The story follows John Paul Moorehouse on his destructive quest to uncover the truth about the killer of his father twelve years ago. John Paul's desire for revenge is swayed as he falls for Winnie Power, the daughter of the man he suspects killed his father. John Paul must now battle between his consuming passion for justice and his desire to be with the woman he now loves.

== Cast ==

- John Connors as John Paul Moorehouse
- Peter Coonan as Mickey Da Bags
- Michael Collins as Francis Moorehouse
- Carla McGlynn as Winnie Powers
- David Murray as Black Martin Moorehouse
- Stephen Clinch as Scully
- Dr. VonFiend as Harry Moorehouse

== Production ==

Director Mark O'Connor had always had an affinity for Travellers, having grown up around them during his childhood and being hit over the head by one when he was young. O’Connor wanted to write a Romeo and Juliet type story, based around two rival Travelling families. The film was originally titled ‘Grooskill’ with Cormac Fox of Vico Films coming on as producer.

In a bid for realism, diversity and authenticity, many non-actor Irish Travellers were cast in acting parts. O’Connor stated it was a risk casting non actor travellers, but felt it was “necessary to give the film real authenticity.” He said he hoped they’d managed to make a film which was “entertaining for audiences, as well as being of cultural importance to the traveller community”.

Actor Peter Coonan spent 3 weeks in a Traveller halting site in North Dublin to properly prepare himself for the role of Mickey Da Bags. Michael Collins took the films director Mark O’Connor to numerous Traveller weddings and halting sites so that he could get a better sense for Traveller culture and life. Travellers were selected to be extras from all parts of the country. Fighting rehearsals took over eight weeks, with the actors landing many real punches during shooting. The fighters wanted the bare knuckle fights in the film to look like Traveller fights from a YouTube video.

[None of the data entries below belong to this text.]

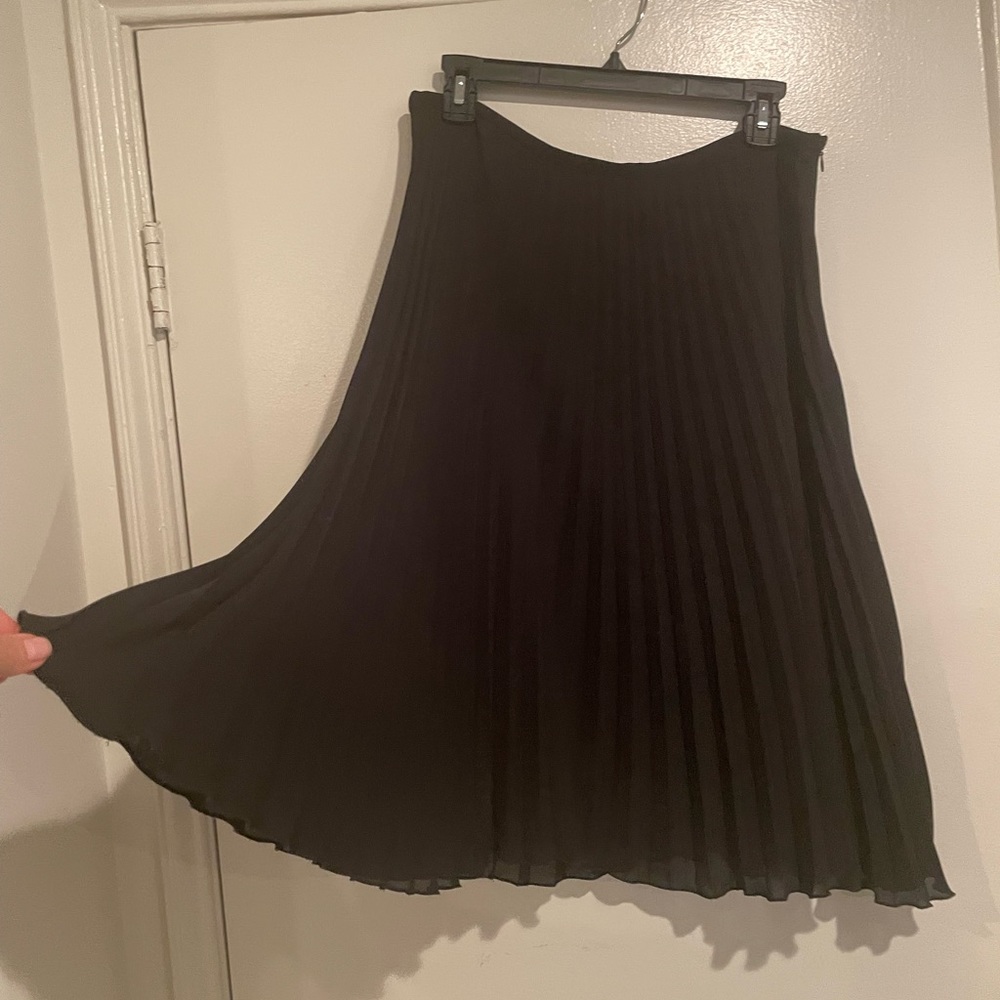 Vince Camuto Black Pleated Midi Skirt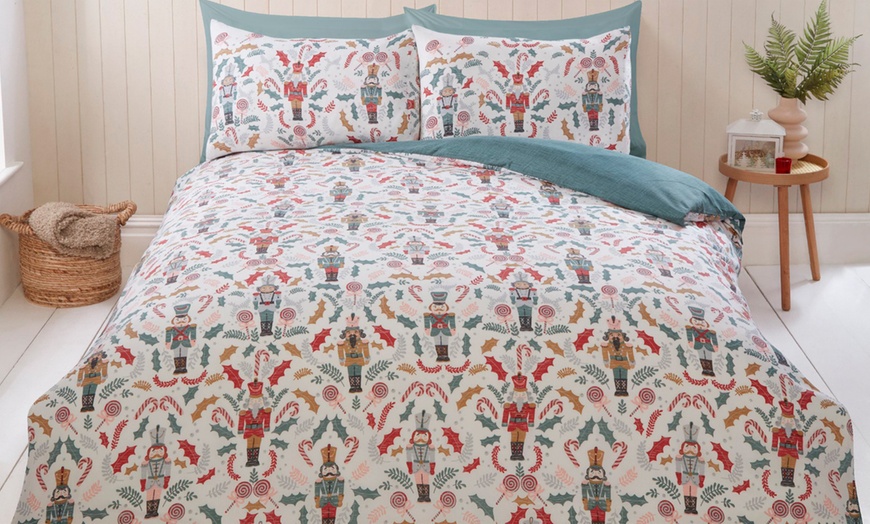 Image 7: Winter Wonderland Nutcracker and Autumn Forest Duvet Set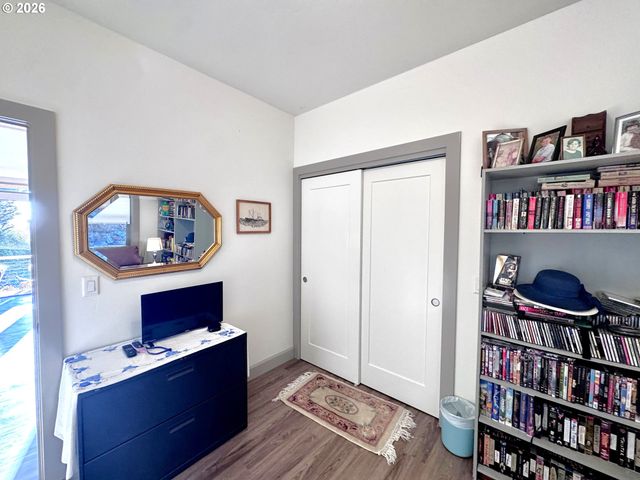 929 OLD COUNTY Rd, Brookings, OR 97415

O’Connor revealed in an interview with The Irish Times that many people had told him not to make a movie about Travellers, telling him that audiences wouldn’t be interested in seeing it. O’Connor stated that they had only been given four weeks to shoot, which led to a high pressure shoot. He praised his cast and crews ability to work under pressure. The entire film was shot using RED cameras.

Traveller actor Michael Collins claimed there was a misconception about Traveller family feuds, stating that 97% of families never feuded. Collins also revealed that he was refused from a bar because of his traveller heritage, when the crew went out to celebrate the filming’s completion. He praised Peter Coonan for sticking up for him and said the rest of the crew were more annoyed about it than he himself was.

== Release ==

The film premiered at the Jameson Dublin International Film Festival on 14 July 2012 It was released in cinemas on 19 April 2013.

== Reception ==

The film has received generally negative reviews, and holds a 30% "Rotten" rating on aggregate review site Rotten Tomatoes, based on 10 reviews. Variety called the film a "Gaelic Godfather" and praised "the genuinely engrossing action in the well-staged fight scenes." Total Film stated that "the story hits every expected beat and it’s enlivened with directorial bravura." The Independent criticized the film for being "less assured on the nuts and bolts of actual plotting" but praised Peter Coonan's acting performance as "an unregenerate yob who fires up the picture in the same way Robert De Niro's Johnny Boy did in Mean Streets 40 years ago."